I am first and foremost mother to my beautiful 8 year old daughter. Too old for me to baby and not old enough for me not to want to! I am her private chef, taxi service, homework helper, bruise kisser and more and I wouldn’t change it for the world. I love being her mum, she is a wonderful little girl and I would have another “E” tomorrow without a second thought. I am also a working mother. I work part time as I found it hard to fit being a single mum in with working full time and still being there for my daughter every day before and after school, it just isn’t possible so something had to give and that was either my sanity or my working hours – I chose the working hours! It doesn’t end there, I am constantly made to feel guilty for not working until 5pm, even though I still work 7 hours during the day, I just squeeze it in by starting earlier and not taking a lunch break. Infact today my boss mentioned it was really hard to arrange meetings with me because I finish at 3pm – how hard can it be to arrange a meeting in the 7 hours I work for gods sake, it’s not rocket science!

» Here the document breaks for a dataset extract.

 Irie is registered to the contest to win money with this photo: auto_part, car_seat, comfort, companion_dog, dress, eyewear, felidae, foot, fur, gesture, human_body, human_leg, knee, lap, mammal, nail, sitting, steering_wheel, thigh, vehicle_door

I wouldn’t mind but I can arrange childcare for E on the odd occasion if I need to play with my hours a bit, but obviously cant drop everything in an instant, my daughter comes first.
Being a girlfriend to M is, well weird actually! He lives in Spain and I’m stuck here so it’s not like I have to physically do anything for him (no I’m not being rude, although obviously we don’t do that either! lol!) but he is lonely out there, as I am without him but we’re constantly talking on msn, on the phone or by text. It’s strange this long distance relationship thing, you’re on your own but you’re still part of a couple and I so want to make it work. I can’t wait until E and I move out to Spain in the summer and we can be together again. I will have a new role then, no longer a working mum (well for a while anyway until E settles at her new school) but a stay at home mum and all that entails and I am really looking forward to looking after E and M and any new little additions to our family that will hopefully come along.

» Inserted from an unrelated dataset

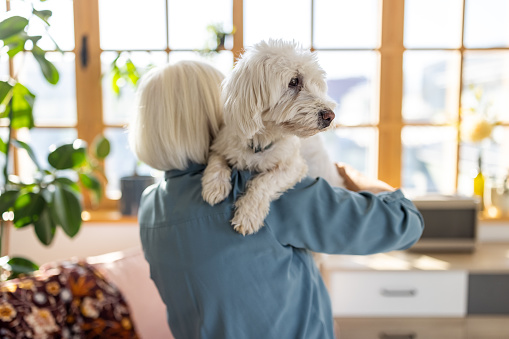 Senior woman holding Maltese dog in arms in living room at home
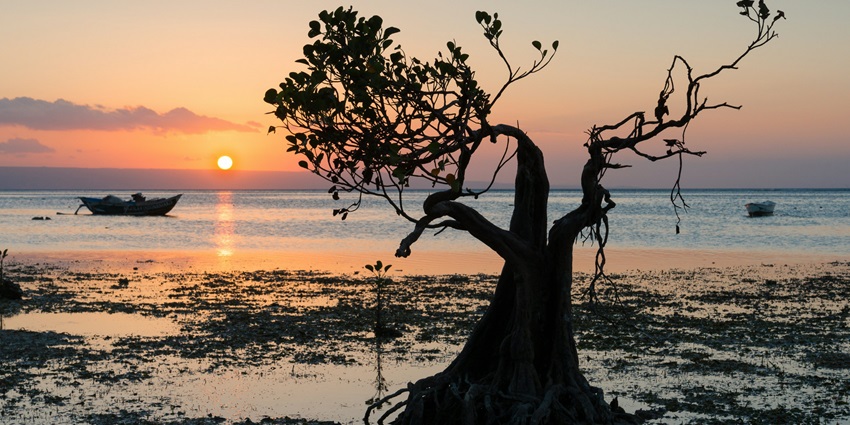 Adventure through dense mangrove forests rich in flora and fauna on Butler Bay Beach.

I’m lots of things to my family members, I try and see them all as often as I can and help them with whatever they need me to help them with. The same with my friends, but I often find that while I may be there for them, when I need someone to be there for me the only person I can rely on is my wonderful mum.
I’m a colleague and I try to fit into the teams I work in as best as I can. I have made some fantastic friends throughout my working life and my current job is no different. I often find though that the if you want something done properly you have to do it yourself mantra coming into play with a few of them though, or I take on extra work when the workload builds, yet I’m expected to carry on working at over capacity and get no thanks or recognition for it.
As a support worker to my clients I take on their problems and sort them out on their behalf, or try to empower them so they can help themselves. Some are more reliant on me than others, but I get an awful lot of satisfaction from working with my clients. They are always extremely grateful for my help and I enjoy watching them turn their lives around.
As well as being all of those things to all of those people I am also a blogger (a very new one at that) which is something I have come to enjoy immensely in the last three months I’ve been writing this blog. It’s my own private world to let off steam, record special moments, favourite recipes or waffle on about complete rubbish. I love the sense of community among my fellow bloggers and it is something that I hope to continue. I’m a student at a Spanish class, maybe even a teachers pet apparently and I love learning again. I’ve also found myself in the role of chief dieter at my little diet club I hold every Monday for myself, my mum and my aunt – considering I myself am hugely overweight it does make me laugh that they actually come to me to ask me about dieting and get recipes for healthy meals.
I’m the resident peace maker both within my family, friends and colleagues. Shy, yet outwardly confident. Ambitious, yet happy with what I’ve got. Funny too apparently and always try to lighten the mood and see the best in people.
I am many things to many people and I can’t help but like being all those things, as hectic as life sometimes becomes.